I went to a property to do a roof repair in JANUARY when we arrived I noticed the front door was kicked in and repaired it. I uploaded photos and a selfie invoice ( self generated). Low an behold I didn't get paid for it on the roof repair check ! ?? I call in and I ask them to remedy this and isn't it odd that the reviewer didntt say anything about a bunch of lock change photos for a roof repair. Well the reviewers don't see the invoices and blah blah blah. But I will get this paid for you. YHEA RIGHT now 4 months later I still have not gotten reimbursed for this repair and send the PM an E mail telling him I am DONE till I get the check and to MAN UP and do what he says he will DO. HE gets all pissy with me and EXPECTS ME TO REMIND HIM WHEN THE CHECK HAS NOT BEEN RECEIVED ??? That sounds like an employee not a contractor sub contractor relationship. Final straw was he says " You and I are done" and pulls all the workorders he has for me with his name. HE did me a favor, I can do half the work for the realtors and get paid twice as much ! I sent the BCC e mail to the company owner and he responded with Check is in the mail. 
HAVE THE NATIONALS LOST IT ??


----------



## PPPrincessNOT (Nov 11, 2013)

HAVE THE NATIONALS LOST IT ??


that would imply they "had it" to begin with...:whistling2:


----------



## nurumkin (Sep 28, 2012)

*re*

I had a company get all pissy with us because this latest run of lawn cuts was going to be late. We called them and updated them several times letting them know that I was not going to go out to try and cut the lawns when half the lots will be under water (we have literally 1' of standing water on some lots in my area). They just responded with "if they are not submitted by 3:00 on the cutoff day you will not be paid" so just do them anyway. I am not going to drive my $10k lawnmower like it's a ****ing jetski for $40/lawn.


----------



## david (Apr 11, 2012)

if you mow yards you are expected to be like mailmen operate in sun snow thunder lightning and rain,no excuses how it is if your in property preservation work.


----------



## david (Apr 11, 2012)

nu they would say thats why you have a 3 day period work around weather or not our problem.


----------



## Splinterpicker (Apr 18, 2012)

david said:


> if you mow yards you are expected to be like mailmen operate in sun snow thunder lightning and rain,no excuses how it is if your in property preservation work.


 
I hear ya Case in point we put this up as a snow removal and got paid for a yard ??!!!


----------



## Wannabe (Oct 1, 2012)

Splinterpicker said:


> I hear ya Case in point we put this up as a snow removal and got paid for a yard ??!!!

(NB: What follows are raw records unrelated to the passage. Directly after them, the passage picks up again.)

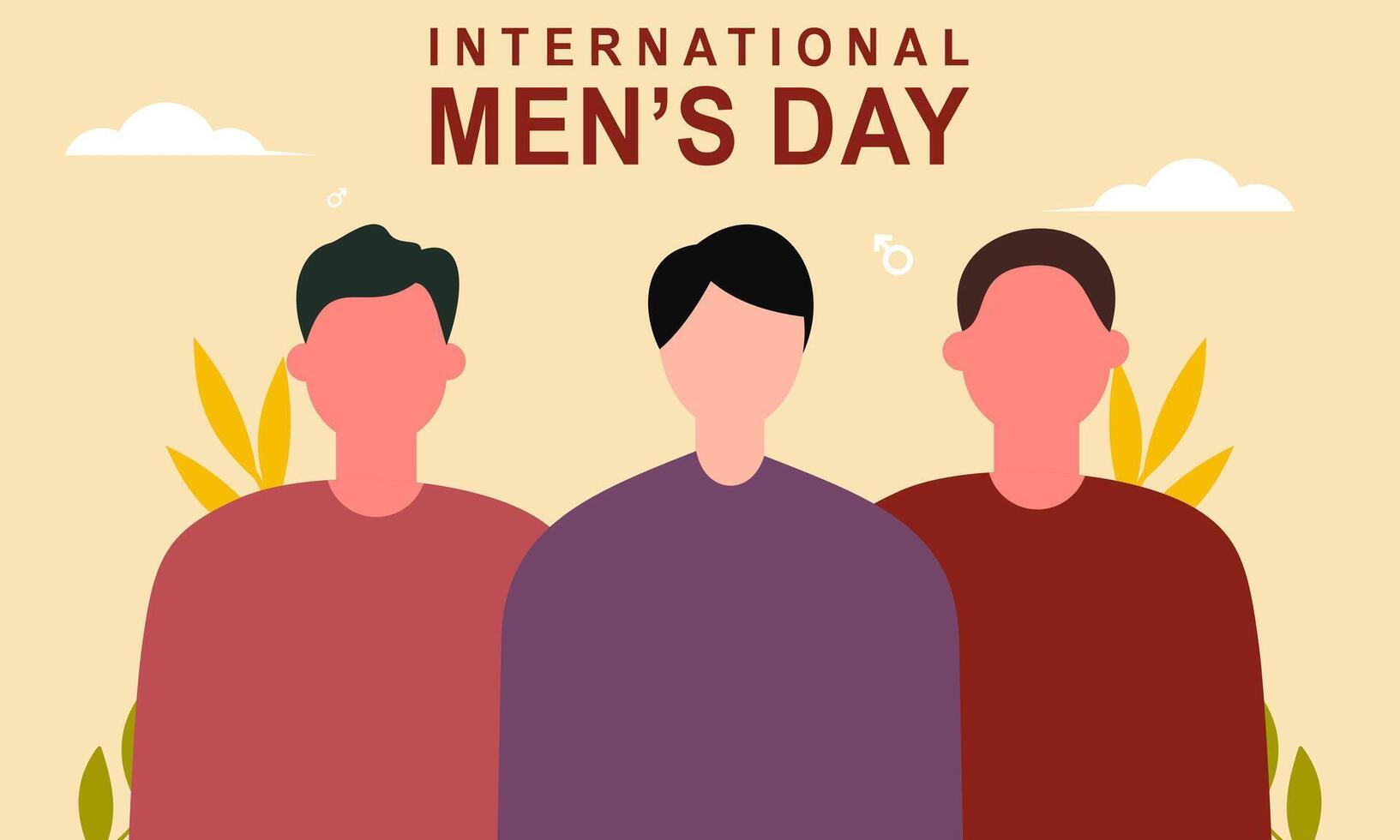 internacional de los hombres día antecedentes vector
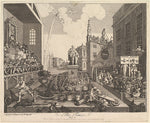 The Times  Plate 2 May 29, 1790-William Hogarth ,16x12"(A3)Poster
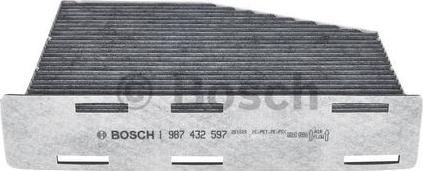 BOSCH 1 987 432 597 - Filter, interior air onlydrive.pro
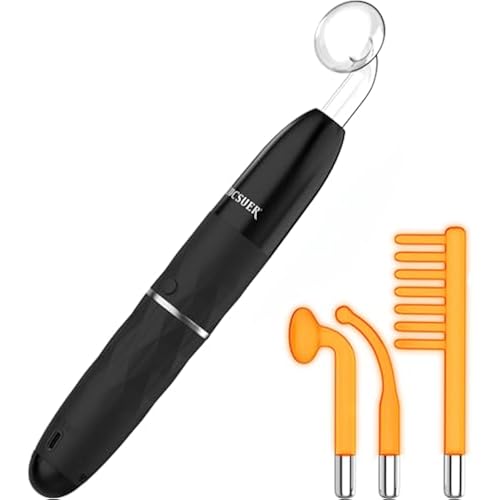 OxyGlow 2 Cordless High Frequency Facial Wand for Face & Scalp Care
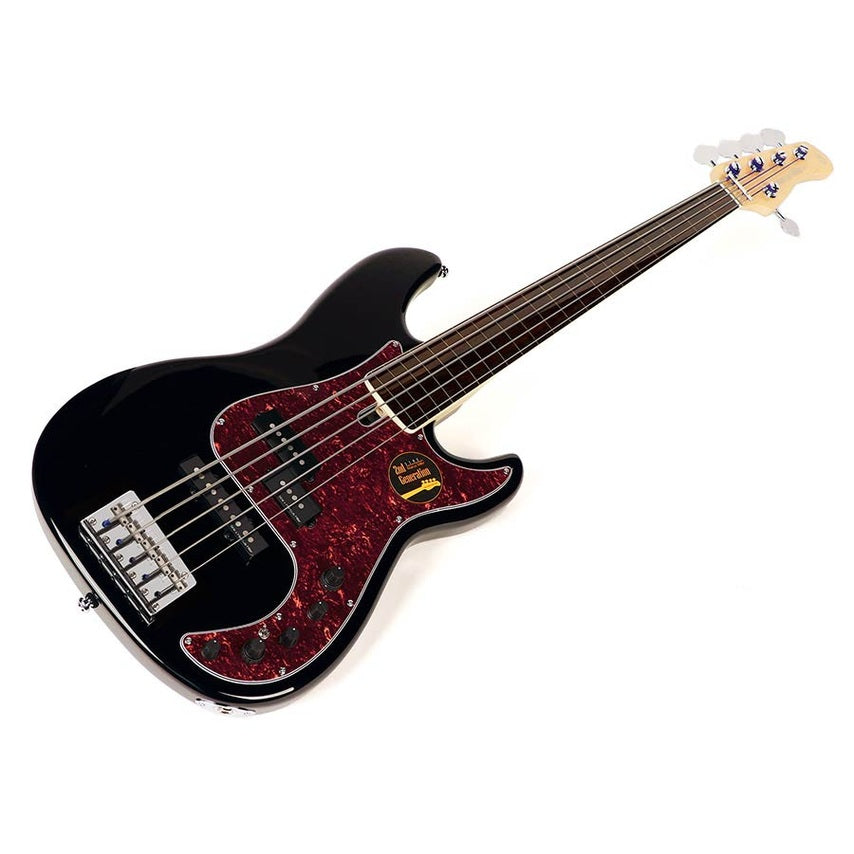 Sire P7+ A5F/BK Marcus Miller 5-snarige fretless basgitaar Black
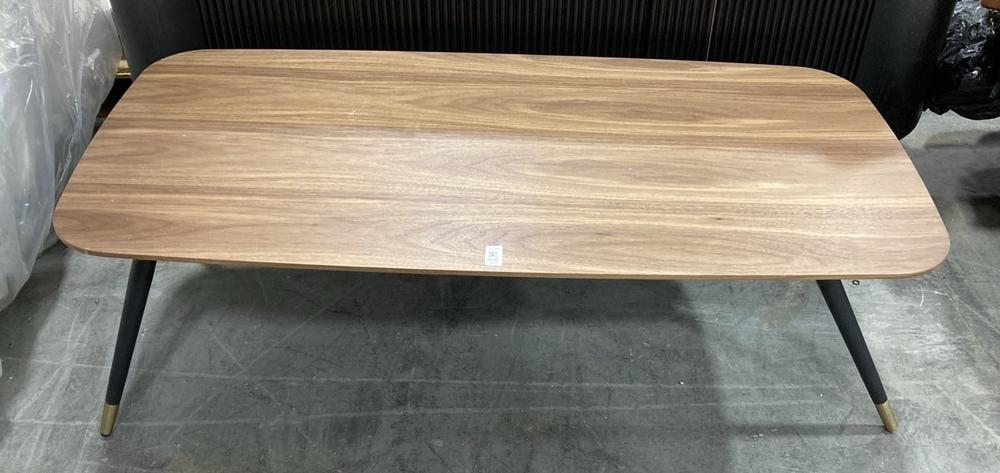 Lot 800  
            Chesterfield SR38 - Collection or Optional Delivery Available 

                
DFS COFFEE TABLE IN NATURAL WOOD / BLACK / GOLD (LOCATION: SR38 A7)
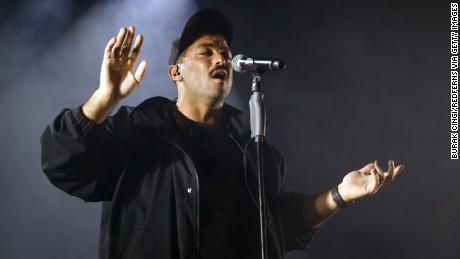 Hamed Sinno of Mashrou&#39; Leila performs at The Roundhouse on March 07, 2019 in London, England.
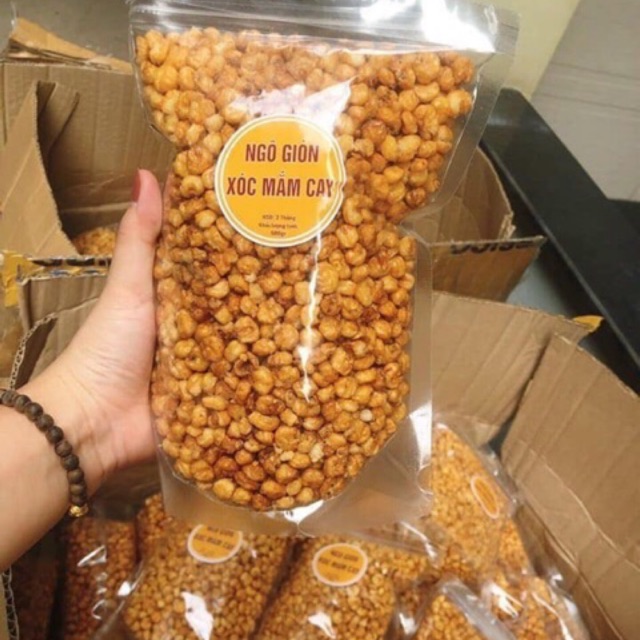 Ngô giòn xóc mắm, ngô rim bò, ngô tím Điện Biên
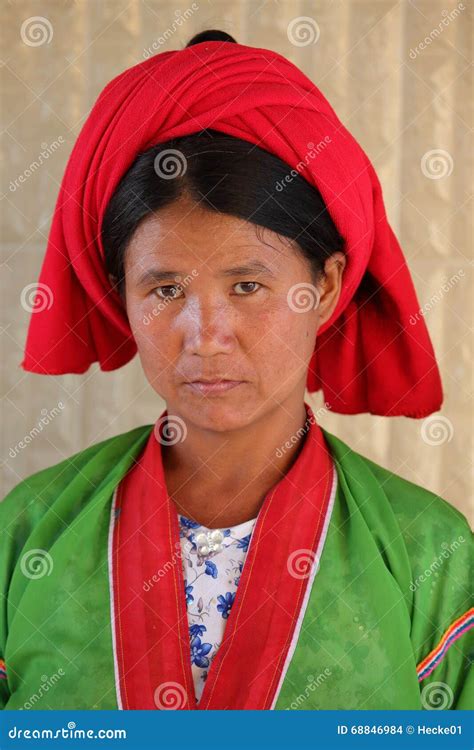 Women From Myanmar In Traditional Costume Stock Photo Image Of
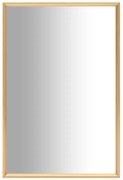 vidaXL Espelho 60x40 cm dourado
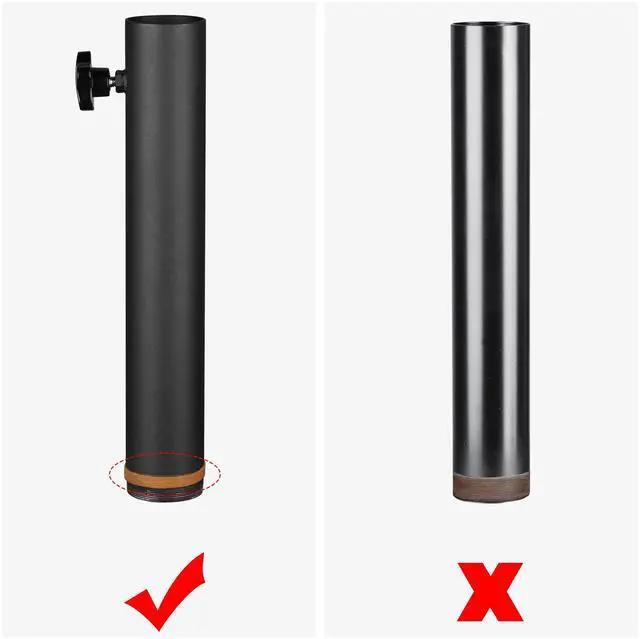 Alt view image 5 of 7 - Yescom Flag Pole Tire Mount Portable Metal Tailgate Camping 20ft 25ft 30ft Adjustable Flagpole Holder Black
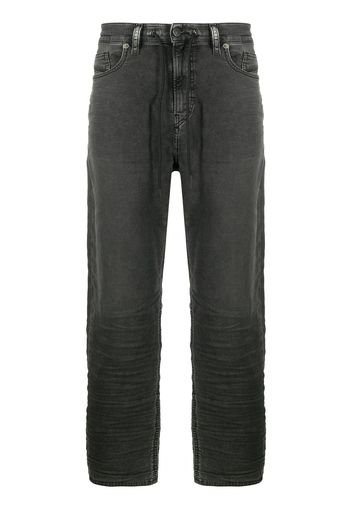 Diesel Weite Jeans mit Kordelzug - Schwarz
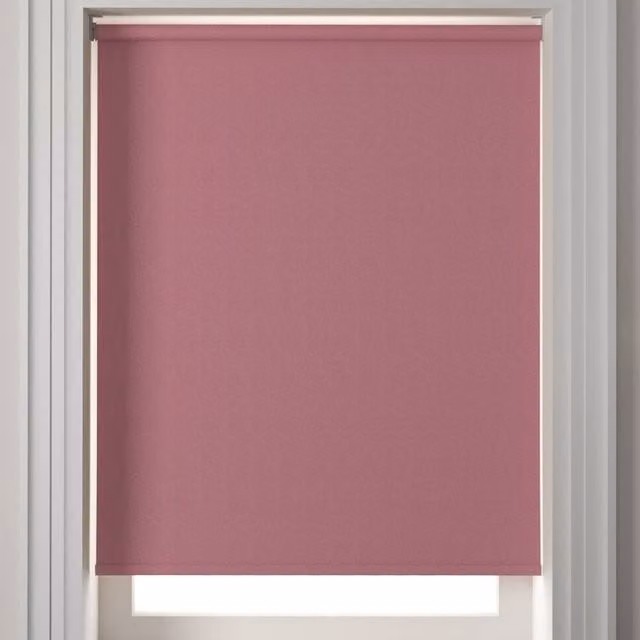 Terrys Plain Pink Blackout Textile Roller Blind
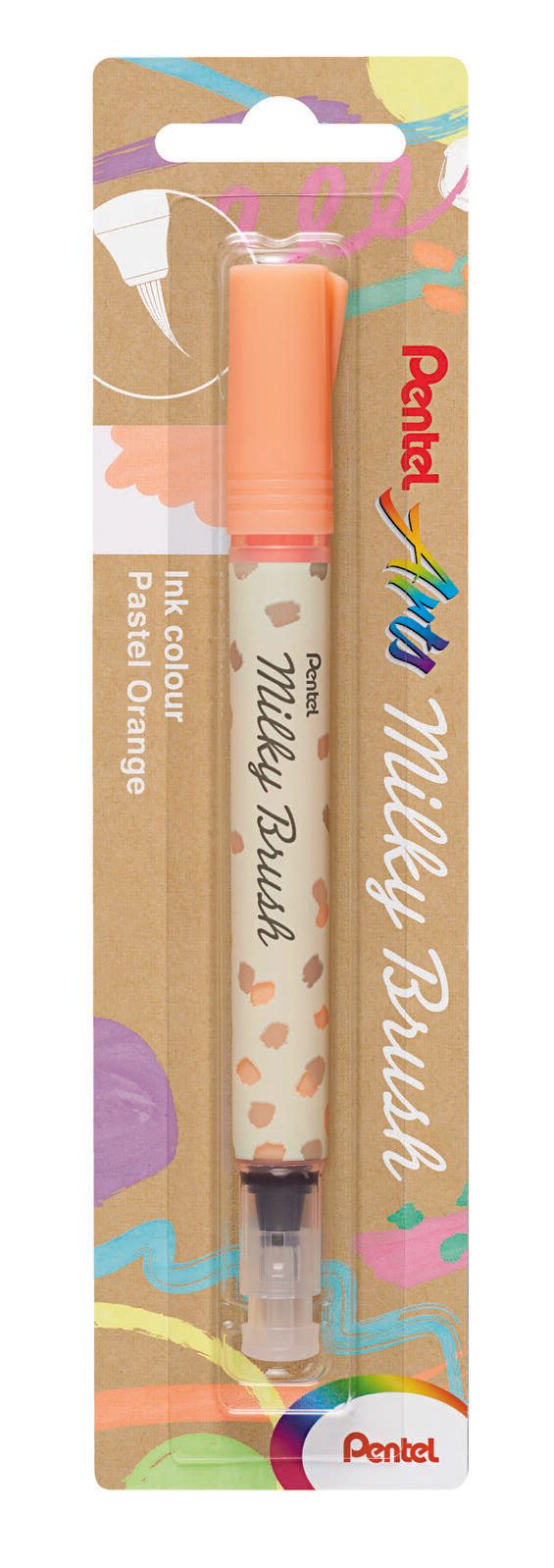 Pentel Brush-Pen Orange XGFH-PFX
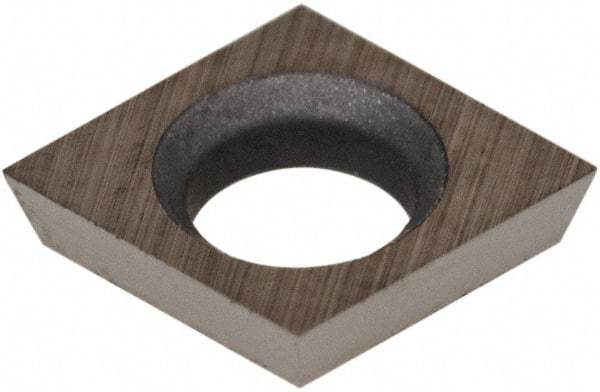 Hertel - CDHB 120601 HT630B Grade Carbide Boring Insert - Uncoated, Diamond, 80° Incl Angle, 5/32" Inscr Circle, .04" Thick, 0.002" Cnr Rad - Apex Tool & Supply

Lol.. Done this a few times myself BUT I hid from neighbors due to the embarrassment ~}


----------



## thanohano44 (Aug 5, 2012)

splinterpicker said:


> i hear ya case in point we put this up as a snow removal and got paid for a yard ??!!!



lol!!!!


----------



## A Estates (Feb 28, 2014)

Splinterpicker said:


> I hear ya Case in point we put this up as a snow removal and got paid for a yard ??!!!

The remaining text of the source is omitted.